Word for word, repeat all of the entries.

☆ ☆ ☆ ☆ ☆

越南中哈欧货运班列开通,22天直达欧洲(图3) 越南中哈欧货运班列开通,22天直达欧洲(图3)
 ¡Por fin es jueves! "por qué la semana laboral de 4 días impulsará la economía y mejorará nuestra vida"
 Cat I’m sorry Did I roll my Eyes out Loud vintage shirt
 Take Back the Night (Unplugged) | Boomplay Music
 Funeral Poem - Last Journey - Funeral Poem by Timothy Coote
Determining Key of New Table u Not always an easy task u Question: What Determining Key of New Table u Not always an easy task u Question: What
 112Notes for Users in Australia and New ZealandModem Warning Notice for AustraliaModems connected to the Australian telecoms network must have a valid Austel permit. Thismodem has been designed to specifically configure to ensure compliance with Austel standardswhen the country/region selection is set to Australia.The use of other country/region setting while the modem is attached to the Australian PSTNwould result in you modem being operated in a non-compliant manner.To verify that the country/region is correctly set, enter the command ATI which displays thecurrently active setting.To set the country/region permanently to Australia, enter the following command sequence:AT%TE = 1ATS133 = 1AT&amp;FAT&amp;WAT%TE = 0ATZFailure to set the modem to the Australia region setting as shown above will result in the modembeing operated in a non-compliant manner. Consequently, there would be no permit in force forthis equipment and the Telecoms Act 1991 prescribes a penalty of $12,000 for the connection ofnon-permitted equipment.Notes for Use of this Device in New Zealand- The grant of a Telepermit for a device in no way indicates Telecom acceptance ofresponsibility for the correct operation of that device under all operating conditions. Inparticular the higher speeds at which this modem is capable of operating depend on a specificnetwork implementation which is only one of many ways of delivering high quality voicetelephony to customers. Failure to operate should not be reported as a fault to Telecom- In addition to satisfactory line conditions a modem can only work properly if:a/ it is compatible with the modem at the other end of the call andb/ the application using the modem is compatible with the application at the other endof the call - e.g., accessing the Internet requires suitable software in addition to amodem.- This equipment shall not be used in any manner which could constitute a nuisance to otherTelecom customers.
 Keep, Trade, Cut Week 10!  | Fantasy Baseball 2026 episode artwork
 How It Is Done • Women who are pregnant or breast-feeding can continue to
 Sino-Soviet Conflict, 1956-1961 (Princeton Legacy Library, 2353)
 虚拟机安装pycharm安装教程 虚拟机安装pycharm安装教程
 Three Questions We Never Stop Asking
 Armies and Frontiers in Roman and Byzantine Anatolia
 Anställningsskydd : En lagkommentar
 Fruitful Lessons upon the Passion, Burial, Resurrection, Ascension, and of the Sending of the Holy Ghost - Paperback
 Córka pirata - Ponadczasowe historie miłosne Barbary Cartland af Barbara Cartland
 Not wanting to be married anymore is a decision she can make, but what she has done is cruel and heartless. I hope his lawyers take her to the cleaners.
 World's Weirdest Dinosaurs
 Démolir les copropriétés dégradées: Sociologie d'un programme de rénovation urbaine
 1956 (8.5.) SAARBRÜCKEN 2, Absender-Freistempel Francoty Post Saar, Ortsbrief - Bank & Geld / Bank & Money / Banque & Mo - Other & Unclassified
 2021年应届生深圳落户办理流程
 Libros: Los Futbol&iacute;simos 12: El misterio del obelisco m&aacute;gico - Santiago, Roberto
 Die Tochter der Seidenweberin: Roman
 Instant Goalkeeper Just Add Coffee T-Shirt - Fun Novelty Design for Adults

☆ ☆ ☆ ☆ ☆

## Solution to this task:
越南中哈欧货运班列开通,22天直达欧洲(图3) 越南中哈欧货运班列开通,22天直达欧洲(图3)
 ¡Por fin es jueves! "por qué la semana laboral de 4 días impulsará la economía y mejorará nuestra vida"
 Cat I’m sorry Did I roll my Eyes out Loud vintage shirt
 Take Back the Night (Unplugged) | Boomplay Music
 Funeral Poem - Last Journey - Funeral Poem by Timothy Coote
Determining Key of New Table u Not always an easy task u Question: What Determining Key of New Table u Not always an easy task u Question: What
 112Notes for Users in Australia and New ZealandModem Warning Notice for AustraliaModems connected to the Australian telecoms network must have a valid Austel permit. Thismodem has been designed to specifically configure to ensure compliance with Austel standardswhen the country/region selection is set to Australia.The use of other country/region setting while the modem is attached to the Australian PSTNwould result in you modem being operated in a non-compliant manner.To verify that the country/region is correctly set, enter the command ATI which displays thecurrently active setting.To set the country/region permanently to Australia, enter the following command sequence:AT%TE = 1ATS133 = 1AT&amp;FAT&amp;WAT%TE = 0ATZFailure to set the modem to the Australia region setting as shown above will result in the modembeing operated in a non-compliant manner. Consequently, there would be no permit in force forthis equipment and the Telecoms Act 1991 prescribes a penalty of $12,000 for the connection ofnon-permitted equipment.Notes for Use of this Device in New Zealand- The grant of a Telepermit for a device in no way indicates Telecom acceptance ofresponsibility for the correct operation of that device under all operating conditions. Inparticular the higher speeds at which this modem is capable of operating depend on a specificnetwork implementation which is only one of many ways of delivering high quality voicetelephony to customers. Failure to operate should not be reported as a fault to Telecom- In addition to satisfactory line conditions a modem can only work properly if:a/ it is compatible with the modem at the other end of the call andb/ the application using the modem is compatible with the application at the other endof the call - e.g., accessing the Internet requires suitable software in addition to amodem.- This equipment shall not be used in any manner which could constitute a nuisance to otherTelecom customers.
 Keep, Trade, Cut Week 10!  | Fantasy Baseball 2026 episode artwork
 How It Is Done • Women who are pregnant or breast-feeding can continue to
 Sino-Soviet Conflict, 1956-1961 (Princeton Legacy Library, 2353)
 虚拟机安装pycharm安装教程 虚拟机安装pycharm安装教程
 Three Questions We Never Stop Asking
 Armies and Frontiers in Roman and Byzantine Anatolia
 Anställningsskydd : En lagkommentar
 Fruitful Lessons upon the Passion, Burial, Resurrection, Ascension, and of the Sending of the Holy Ghost - Paperback
 Córka pirata - Ponadczasowe historie miłosne Barbary Cartland af Barbara Cartland
 Not wanting to be married anymore is a decision she can make, but what she has done is cruel and heartless. I hope his lawyers take her to the cleaners.
 World's Weirdest Dinosaurs
 Démolir les copropriétés dégradées: Sociologie d'un programme de rénovation urbaine
 1956 (8.5.) SAARBRÜCKEN 2, Absender-Freistempel Francoty Post Saar, Ortsbrief - Bank & Geld / Bank & Money / Banque & Mo - Other & Unclassified
 2021年应届生深圳落户办理流程
 Libros: Los Futbol&iacute;simos 12: El misterio del obelisco m&aacute;gico - Santiago, Roberto
 Die Tochter der Seidenweberin: Roman
 Instant Goalkeeper Just Add Coffee T-Shirt - Fun Novelty Design for Adults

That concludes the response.